Segment Open

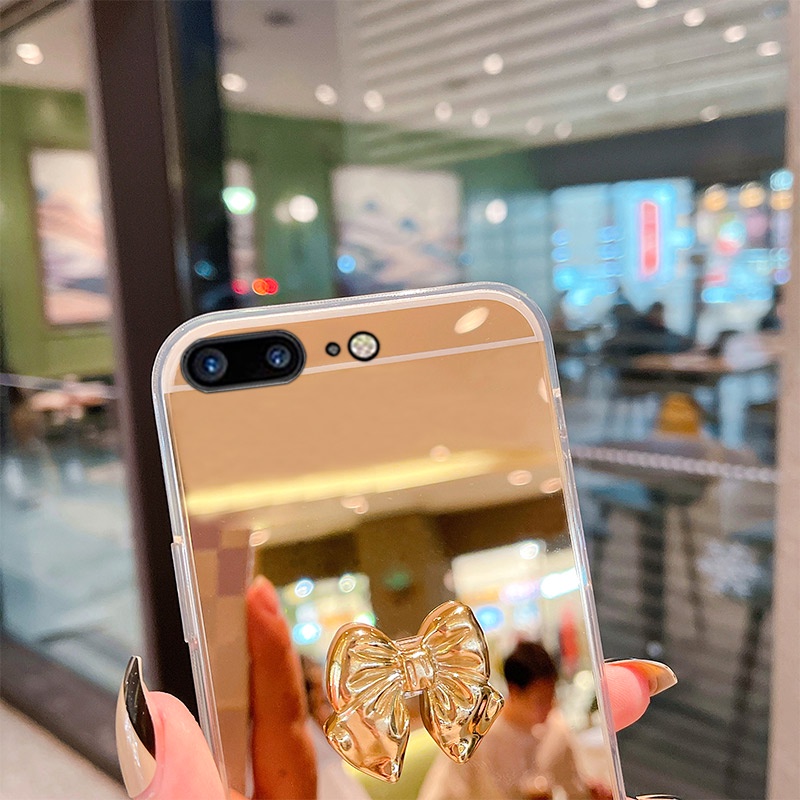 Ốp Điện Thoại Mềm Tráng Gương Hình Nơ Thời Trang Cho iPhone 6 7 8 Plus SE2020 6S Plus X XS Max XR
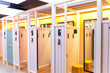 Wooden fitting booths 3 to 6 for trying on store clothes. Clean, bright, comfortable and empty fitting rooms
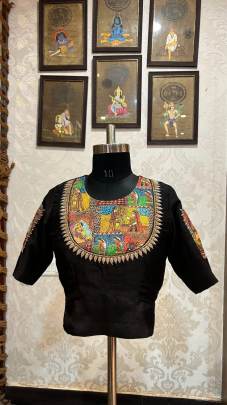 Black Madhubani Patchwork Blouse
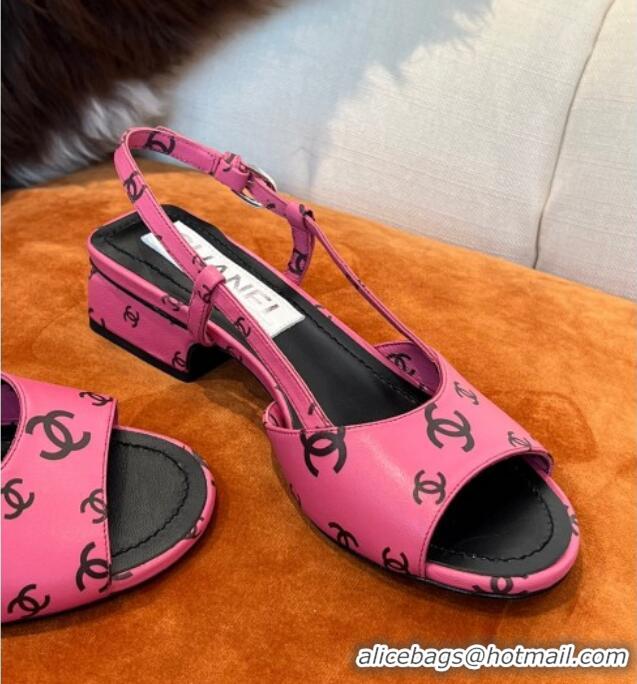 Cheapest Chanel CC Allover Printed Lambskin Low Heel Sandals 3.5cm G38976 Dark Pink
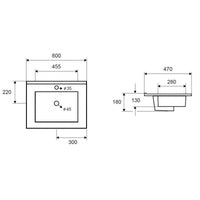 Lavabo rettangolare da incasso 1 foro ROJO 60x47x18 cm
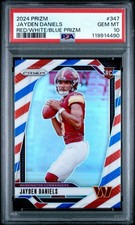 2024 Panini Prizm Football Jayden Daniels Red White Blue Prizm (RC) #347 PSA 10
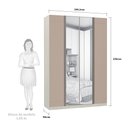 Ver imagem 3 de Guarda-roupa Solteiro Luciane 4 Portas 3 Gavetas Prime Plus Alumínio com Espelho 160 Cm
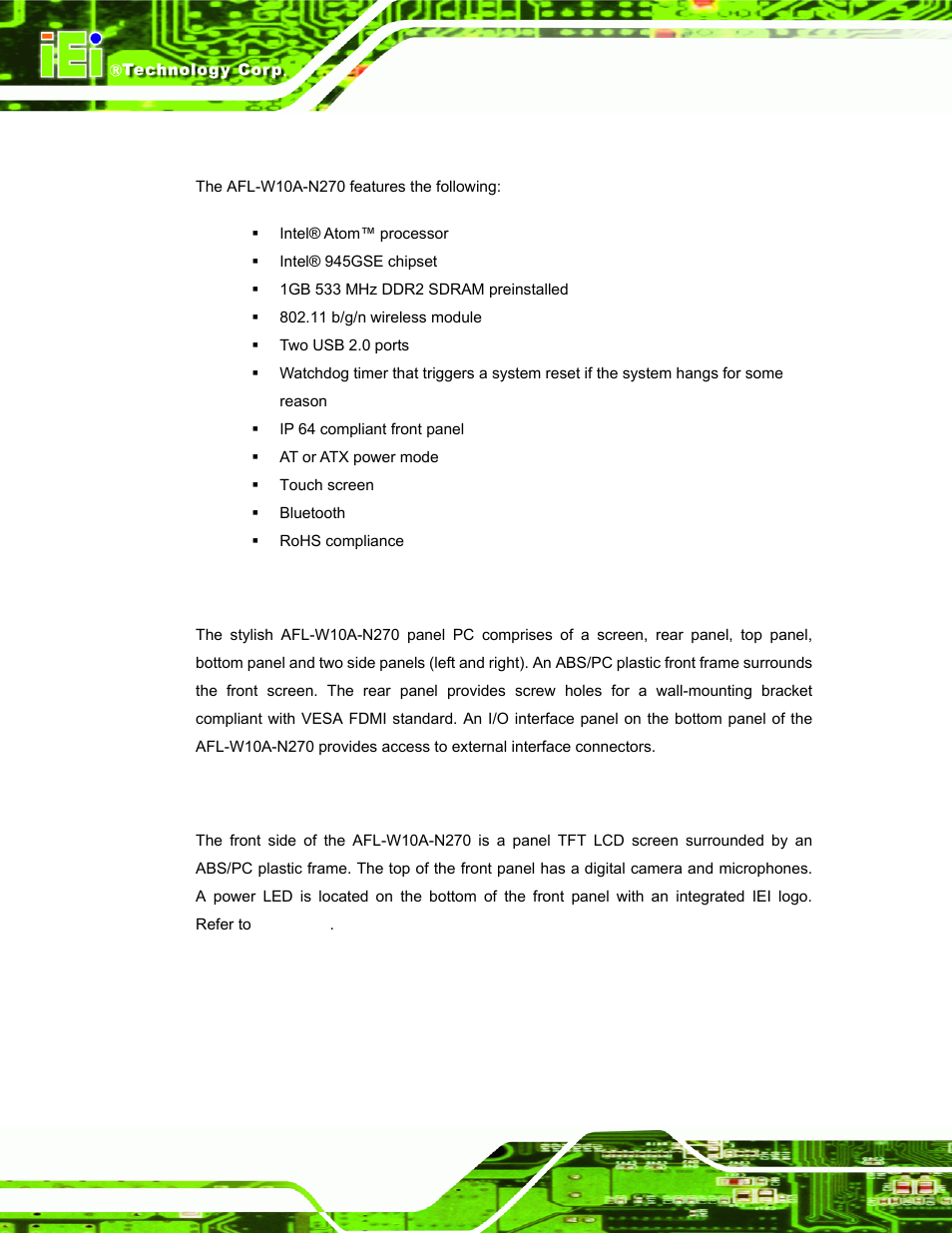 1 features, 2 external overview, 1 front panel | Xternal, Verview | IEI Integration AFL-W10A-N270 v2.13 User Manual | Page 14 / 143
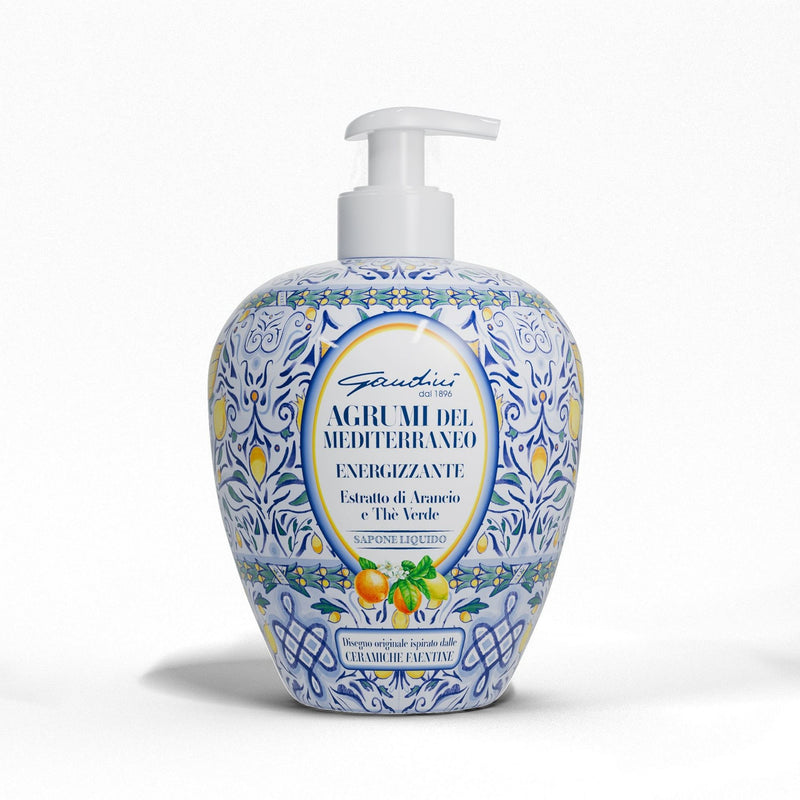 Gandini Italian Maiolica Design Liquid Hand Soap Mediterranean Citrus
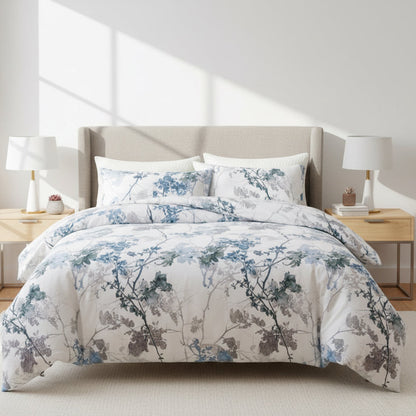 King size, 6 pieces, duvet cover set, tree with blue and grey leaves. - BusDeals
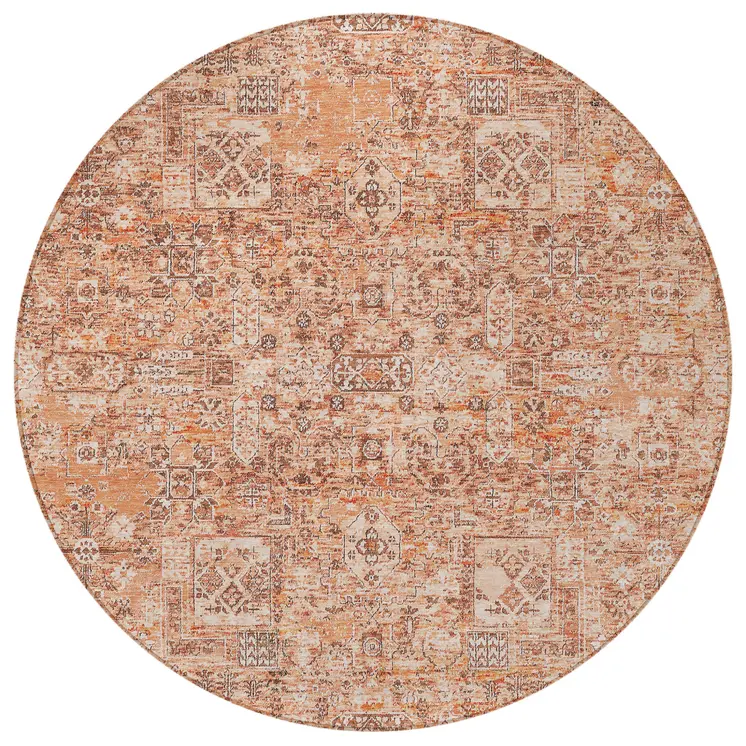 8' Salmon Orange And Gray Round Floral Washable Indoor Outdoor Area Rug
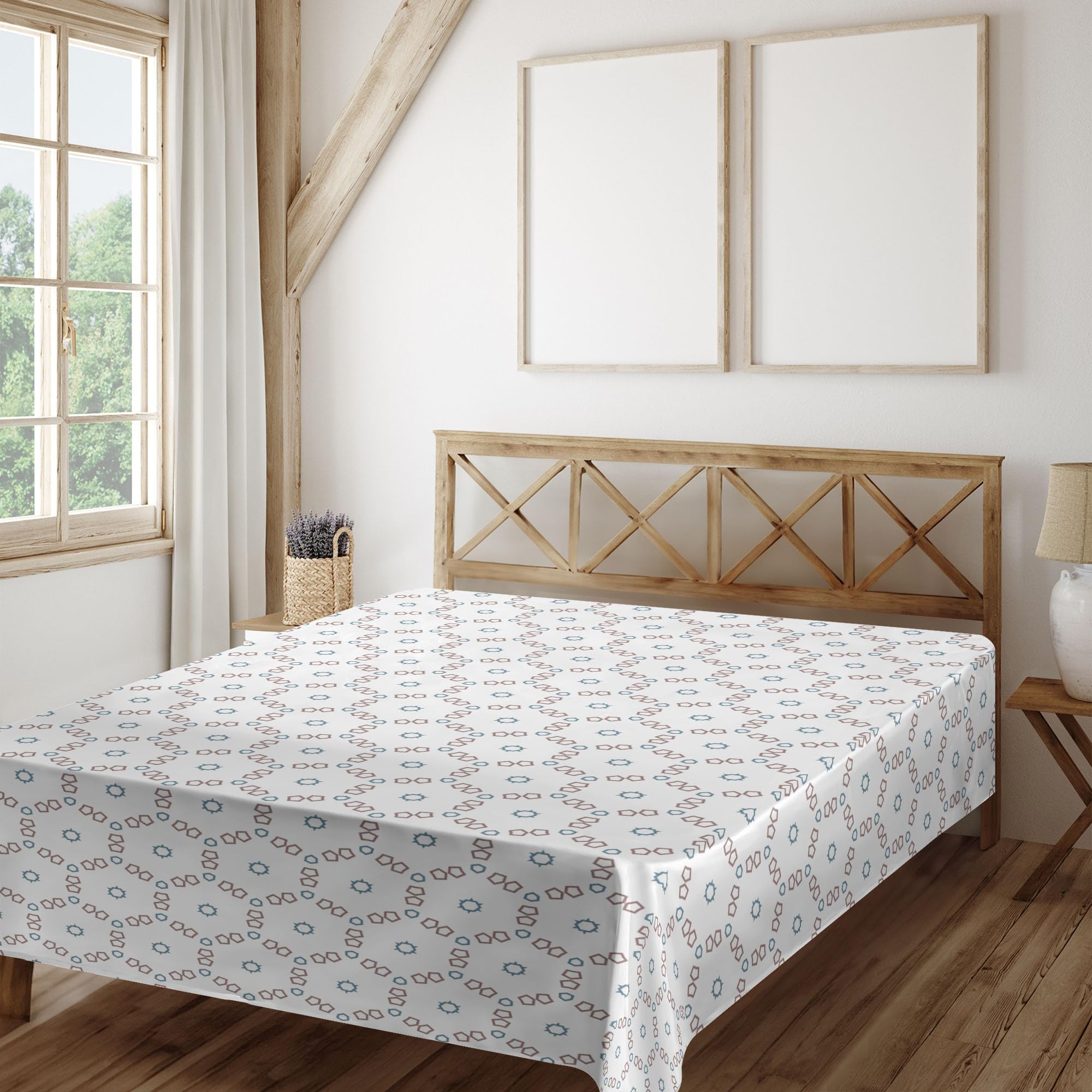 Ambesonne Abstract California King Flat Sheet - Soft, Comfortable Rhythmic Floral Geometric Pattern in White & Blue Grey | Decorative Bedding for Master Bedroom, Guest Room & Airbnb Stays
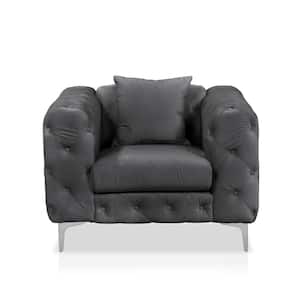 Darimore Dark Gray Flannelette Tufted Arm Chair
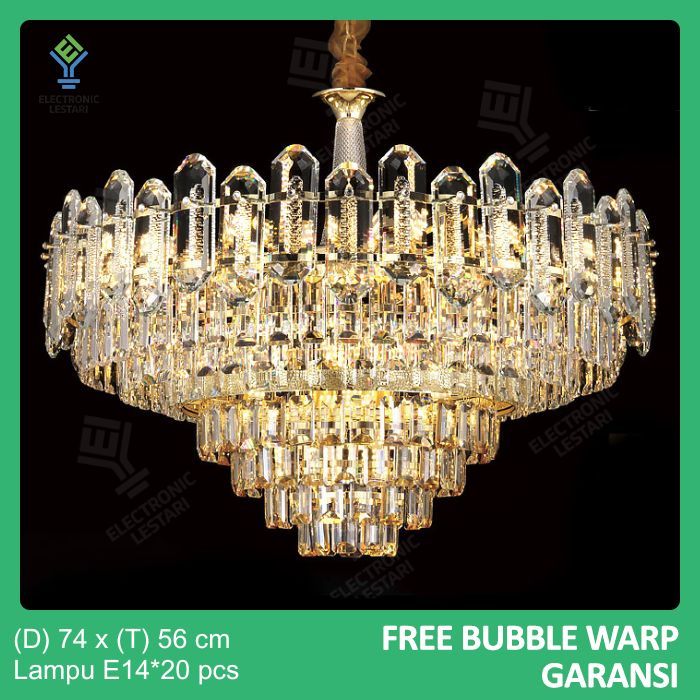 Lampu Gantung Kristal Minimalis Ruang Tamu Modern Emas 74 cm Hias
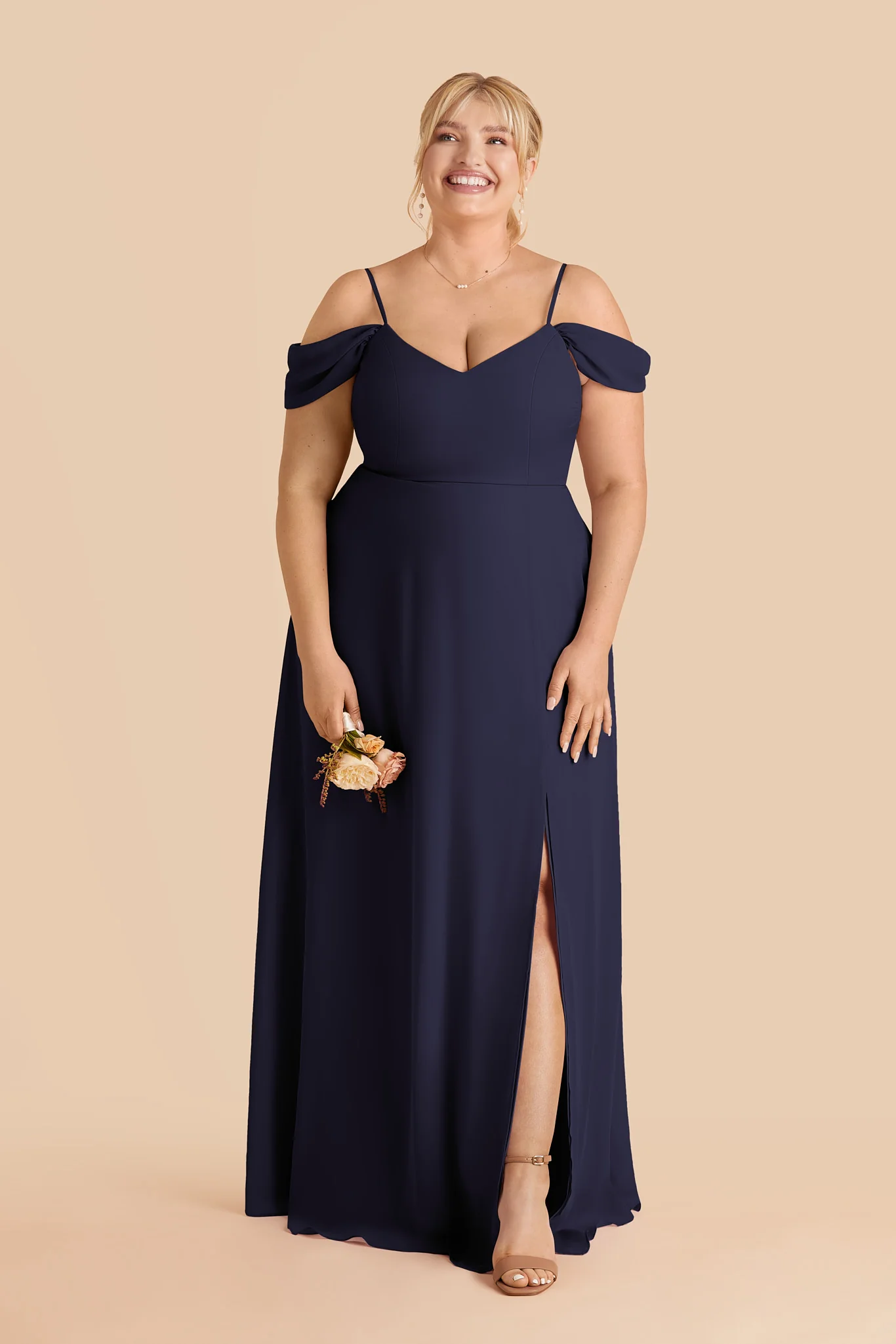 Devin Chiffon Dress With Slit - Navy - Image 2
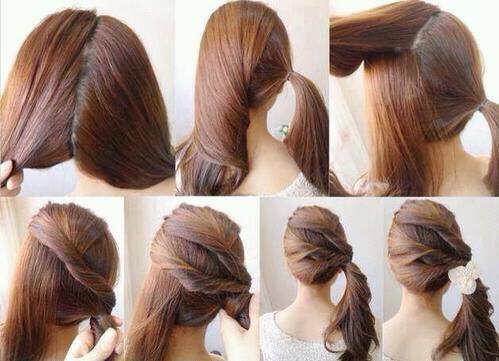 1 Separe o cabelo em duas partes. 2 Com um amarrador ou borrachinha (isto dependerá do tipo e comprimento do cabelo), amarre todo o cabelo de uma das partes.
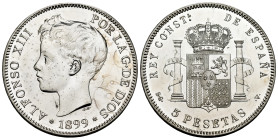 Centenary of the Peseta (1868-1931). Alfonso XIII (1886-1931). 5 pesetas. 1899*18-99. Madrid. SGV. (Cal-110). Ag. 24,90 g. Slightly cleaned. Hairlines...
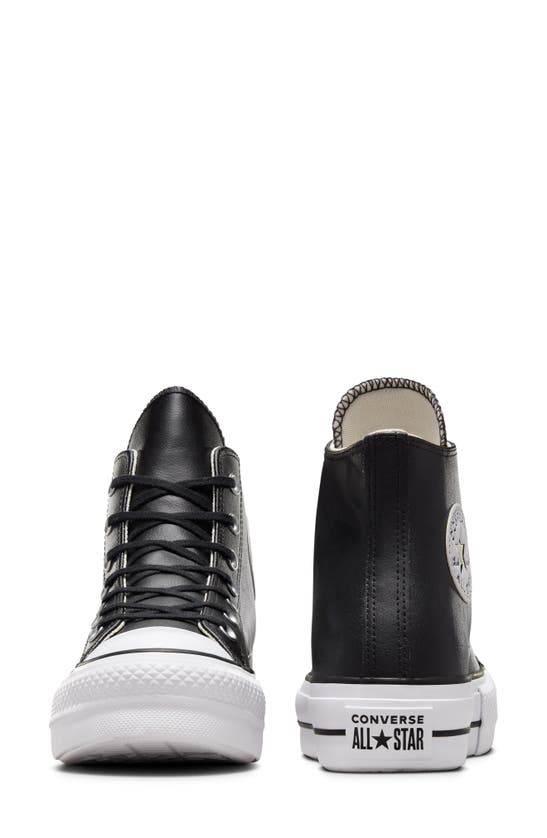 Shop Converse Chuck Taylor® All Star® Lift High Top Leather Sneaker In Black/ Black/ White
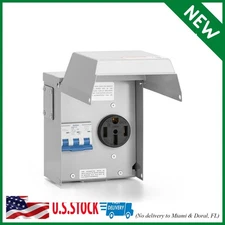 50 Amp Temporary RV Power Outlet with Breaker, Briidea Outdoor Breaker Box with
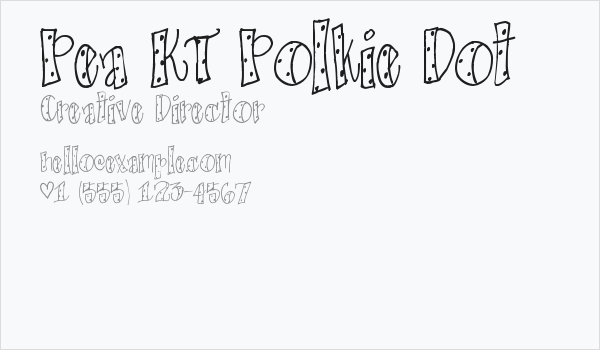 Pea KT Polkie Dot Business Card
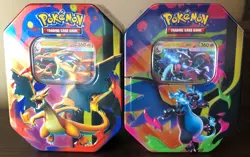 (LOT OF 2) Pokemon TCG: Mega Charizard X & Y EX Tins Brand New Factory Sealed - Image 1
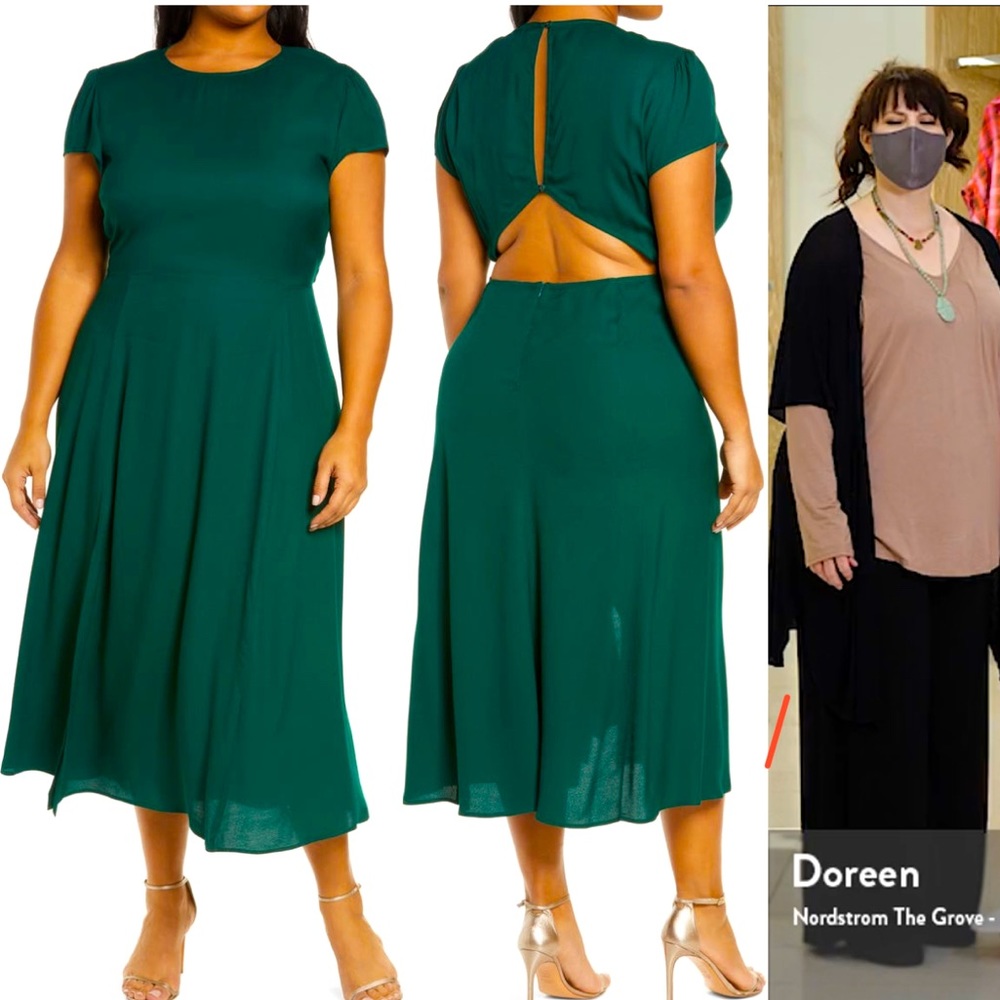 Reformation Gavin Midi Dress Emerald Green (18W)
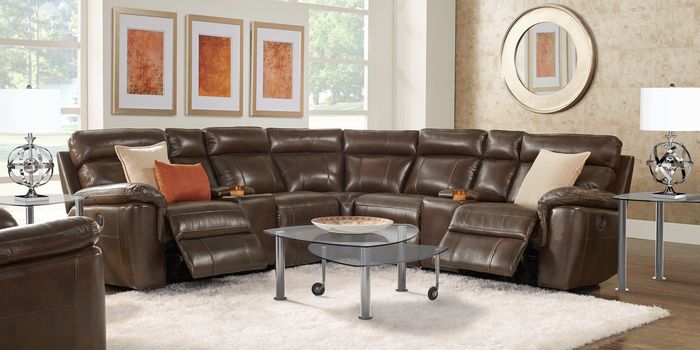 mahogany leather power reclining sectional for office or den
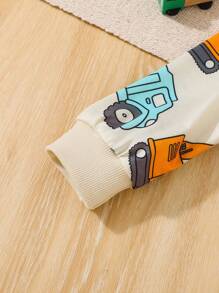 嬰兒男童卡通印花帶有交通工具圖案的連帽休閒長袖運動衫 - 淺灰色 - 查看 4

Segment Closed

# What you will do
Please copy out the material above exactly, with the images removed.

# Answer space
 Ốp Điện Thoại Mềm Tráng Gương Hình Nơ Thời Trang Cho iPhone 6 7 8 Plus SE2020 6S Plus X XS Max XR
 Wooden fitting booths 3 to 6 for trying on store clothes. Clean, bright, comfortable and empty fitting rooms
 Black Madhubani Patchwork Blouse
 Cheapest Chanel CC Allover Printed Lambskin Low Heel Sandals 3.5cm G38976 Dark Pink
 Lavabo rettangolare da incasso 1 foro ROJO 60x47x18 cm
 2024 Panini Prizm Football Jayden Daniels Red White Blue Prizm (RC) #347 PSA 10
 Ver imagem 3 de Guarda-roupa Solteiro Luciane 4 Portas 3 Gavetas Prime Plus Alumínio com Espelho 160 Cm
 1 features, 2 external overview, 1 front panel | Xternal, Verview | IEI Integration AFL-W10A-N270 v2.13 User Manual | Page 14 / 143
 Gandini Italian Maiolica Design Liquid Hand Soap Mediterranean Citrus
 King size, 6 pieces, duvet cover set, tree with blue and grey leaves. - BusDeals
 8' Salmon Orange And Gray Round Floral Washable Indoor Outdoor Area Rug
 Ambesonne Abstract California King Flat Sheet - Soft, Comfortable Rhythmic Floral Geometric Pattern in White & Blue Grey | Decorative Bedding for Master Bedroom, Guest Room & Airbnb Stays
 Darimore Dark Gray Flannelette Tufted Arm Chair
 Lampu Gantung Kristal Minimalis Ruang Tamu Modern Emas 74 cm Hias
 Devin Chiffon Dress With Slit - Navy - Image 2
 1 Separe o cabelo em duas partes. 2 Com um amarrador ou borrachinha (isto dependerá do tipo e comprimento do cabelo), amarre todo o cabelo de uma das partes.
 Centenary of the Peseta (1868-1931). Alfonso XIII (1886-1931). 5 pesetas. 1899*18-99. Madrid. SGV. (Cal-110). Ag. 24,90 g. Slightly cleaned. Hairlines...
 Shop Converse Chuck Taylor® All Star® Lift High Top Leather Sneaker In Black/ Black/ White
 50 Amp Temporary RV Power Outlet with Breaker, Briidea Outdoor Breaker Box with
 Pea KT Polkie Dot Business Card
 (LOT OF 2) Pokemon TCG: Mega Charizard X & Y EX Tins Brand New Factory Sealed - Image 1
 Reformation Gavin Midi Dress Emerald Green (18W)
 mahogany leather power reclining sectional for office or den
 嬰兒男童卡通印花帶有交通工具圖案的連帽休閒長袖運動衫 - 淺灰色 - 查看 4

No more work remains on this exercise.